Measuring equipment used in component or product testing, which is not producing accurate data, can result in poor reliability by permitting defective components to be used in the product, causing incorrect adjustments of the product or permitting unfit products to be shipped. The design, construction, maintenance, adjustment, calibration, and use of measuring and of manufacturing equipment are factors which impact on the reliability of the product.
Manufacturing materials used with the manufacturing equipment, if not removed, can in time lead to corrosion and electrical or mechanical malfunctioning. An ITG series (#26, 27, and 28) has been written on this subject.

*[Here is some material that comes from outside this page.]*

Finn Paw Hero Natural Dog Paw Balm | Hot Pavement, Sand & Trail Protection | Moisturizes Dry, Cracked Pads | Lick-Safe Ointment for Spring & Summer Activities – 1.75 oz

The actual construction of the product should be observed for conformance to procedures, as well as for the workmanship and care of the workers. Reprocessed components or products should be reviewed so that the reason for the reprocessing is known and corrected and no other factors are degraded below acceptable specifications by the reprocessing.
The product should be tested for all possible variations in its use, at least in its final form. Any consistent deviation from specifications should be investigated to determine what is wrong and how it should be corrected.
Without failure information the manufacturer does not know what defects his product has or what caused them. All failures in the factory or the field should be analyzed to determine if the product failed because of problems with design, components, manufacturing, testing, shipping, installation, maintenance, or use. A failure reporting and analysis system is vital to the manufacturer's continued control of his operation as well the maintenance or improvement of the reliability of the product. The system for the handling of rejects by quality control because of workmanship or testing is an example of the manufacturer's failure reporting scheme during manufacturing. The complaint files or other feedback from the field, such as is found in failure logs, is a failure reporting system for products in use.
A manufacturer, who recognizes the value of reliability, will have performed an analysis of his product which will indicate the effect on the product of the failure of each and every component. This is known as Failure Effect Evaluation.
Even if a product is reliable when it leaves the manufacturer, what happens to it after that can reduce or destroy its reliability. A principal control a manufacturer has (if he doesn't install the product himself) on these items is the instructions for use which are part of the labeling. It is essential that these instructions be clear and include information on installation, maintenance, storage and any special conditions of the product's use.